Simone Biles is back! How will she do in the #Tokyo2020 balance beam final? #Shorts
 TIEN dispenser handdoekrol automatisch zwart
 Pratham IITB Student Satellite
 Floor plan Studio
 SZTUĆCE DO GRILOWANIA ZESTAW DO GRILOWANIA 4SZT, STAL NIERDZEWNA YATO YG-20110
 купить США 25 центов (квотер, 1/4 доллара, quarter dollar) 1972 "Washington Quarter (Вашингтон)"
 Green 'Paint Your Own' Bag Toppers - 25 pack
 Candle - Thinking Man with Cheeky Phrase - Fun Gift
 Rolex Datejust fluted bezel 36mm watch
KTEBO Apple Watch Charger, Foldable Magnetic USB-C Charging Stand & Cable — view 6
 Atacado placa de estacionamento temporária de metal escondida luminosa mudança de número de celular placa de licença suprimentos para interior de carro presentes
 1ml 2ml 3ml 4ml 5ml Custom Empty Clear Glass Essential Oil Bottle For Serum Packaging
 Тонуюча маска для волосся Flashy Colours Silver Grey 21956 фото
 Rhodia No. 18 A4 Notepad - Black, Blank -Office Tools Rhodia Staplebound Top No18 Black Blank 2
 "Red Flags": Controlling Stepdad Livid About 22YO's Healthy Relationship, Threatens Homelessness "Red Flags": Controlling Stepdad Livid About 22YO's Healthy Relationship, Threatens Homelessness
------
:: WORK ITEM ::
Only the lines from the one containing "Atacado placa de" through the last line of the material belong in your answer; output them exactly.

:: YOUR RESPONSE ::
 Atacado placa de estacionamento temporária de metal escondida luminosa mudança de número de celular placa de licença suprimentos para interior de carro presentes
 1ml 2ml 3ml 4ml 5ml Custom Empty Clear Glass Essential Oil Bottle For Serum Packaging
 Тонуюча маска для волосся Flashy Colours Silver Grey 21956 фото
 Rhodia No. 18 A4 Notepad - Black, Blank -Office Tools Rhodia Staplebound Top No18 Black Blank 2
 "Red Flags": Controlling Stepdad Livid About 22YO's Healthy Relationship, Threatens Homelessness "Red Flags": Controlling Stepdad Livid About 22YO's Healthy Relationship, Threatens Homelessness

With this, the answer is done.